I like cash because it's direct, and where possible I avoid paying by card because I don't want the merchant to pay fees to third parties.
In Europe, most of the time, using cash doesn't imply avoiding taxes on the transaction, but having cash is essentially sovereignty.
In a lot of cases it's a lot higher than just taking card.
It's also worth noting there are also huge fixed costs for credit card transactions. We're currently upgrading our pinpads and it's been an absolute nightmare to get the right parts in just for physically connecting the damn things to our counters, we lost almost a whole day of backend POS access for our vendor to push a required update, and I'm looking at more fees to be able to support other types of cards which require POS certification.
We strongly prefer our customers use cash.
The costs to handle cash are fairly low. He bought one of those fancy cash counters like they have at the bank for a few hundred. He also bought one of those cheap little ATMs for perhaps $500 and charges $1 to take out cash. He keeps $2,000 on hand at all times between the safe and the ATM itself. Otherwise, he just stops by the bank two blocks down the street to deposit profits. As for security, well, they just carry concealed weapons.
The ATM paid for itself in the first month, presumably also the cash counter machine.
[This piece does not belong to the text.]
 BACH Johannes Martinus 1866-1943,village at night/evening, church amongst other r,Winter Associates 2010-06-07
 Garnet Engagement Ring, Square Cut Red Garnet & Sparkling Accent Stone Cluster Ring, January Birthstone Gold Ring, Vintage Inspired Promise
Notably they did have one counterfeit $100 come through that they forgot to scan. I suppose that’s novel to cash although chargebacks on cards also do occur.
All I can say for sure is no store I’ve ever encountered has operationalized the newfound ability to differentially reject some cards yet. I am starting to see grittier establishments offer 5% cash discounts more frequently than they used to, and I’m always happy to pay cash when they do.
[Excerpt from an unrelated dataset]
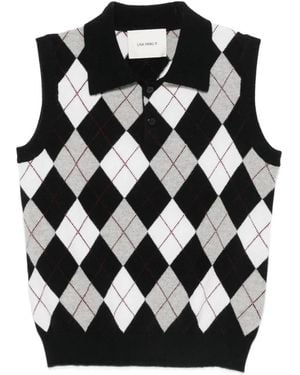 Lisa Yang Anwen Argyle-Knit Polo Top - Black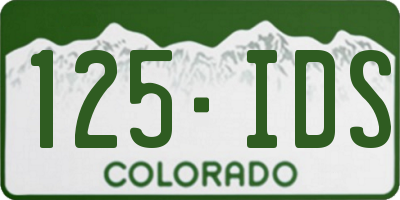 CO license plate 125IDS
But when there’s no discount, why would I forgo better accounting and 3-5% back in points?
Do you have a source for this? Often times merchants don't accept American Express because it charges higher fees [1].
[1] https://www.bankrate.com/credit-cards/business/why-american-...
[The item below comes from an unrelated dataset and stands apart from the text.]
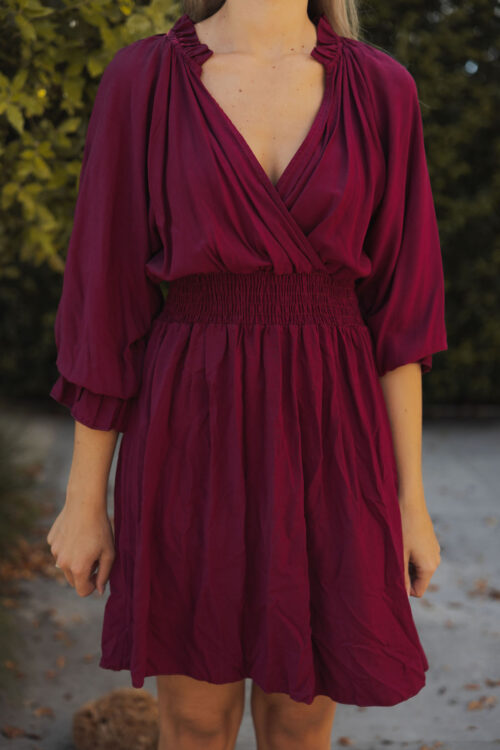 Loesjes basic jurkje burgundy
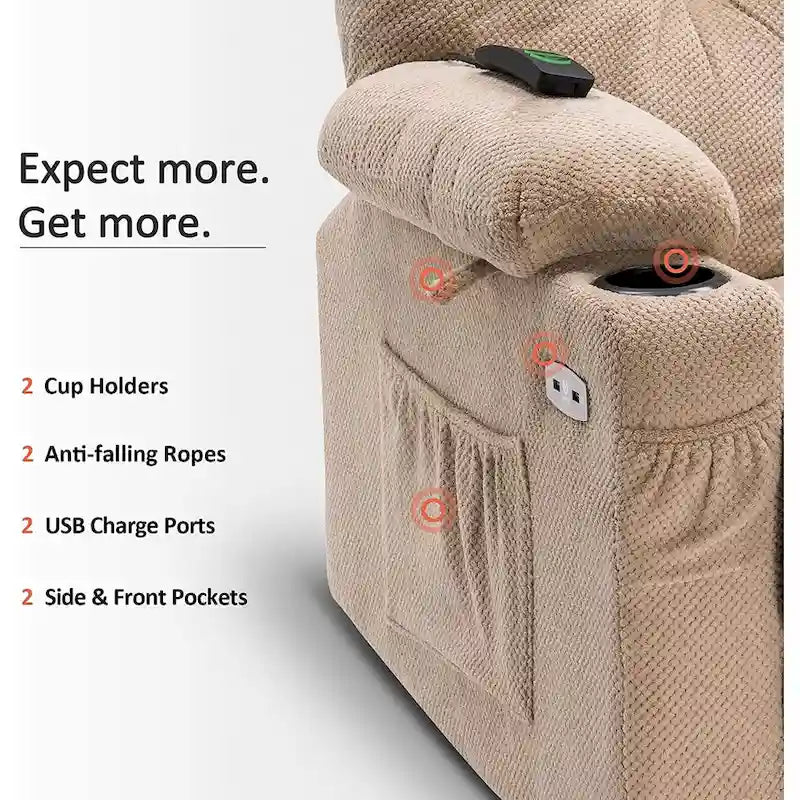 Fauteuil inclinable, pivotant et coulissant électrique avec porte-gobelets et ports USB, en tissu, une place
Incidence is very much on customers, but (high interchange fee) credit card users are getting a rebate of most, if not all, of that. It’s the cash users who AREN’T getting a rebate, and thus the incidence is on them (and people using other low-or-zero cashback payment methods).
Moreover, we should encourage every retailer to offer this, because getting 2% back (or less) while paying 3% more is not just a net loss, it's also worse for privacy.
Second, I submit that money laundering should not be considered a crime at all. Monitoring it (for example, banks required to report large cash transactions to the government) just leads to mass surveillance of innocent people.
Transferring money from A to B - why should that be a crime? The point of anti-money-laundering laws is that the money generated at point A may have been generated illegally. It isn't the money transfer that is the problem, it is the illegal activity. The police need to put in the effort to prosecute that illegal activity.
This is reminiscent of the continual pressure to break end-to-end encryption. The police want an easy way to do their (admittedly difficult) job. But the price is just too high: mass surveillance, and many false positives, affecting the general populace.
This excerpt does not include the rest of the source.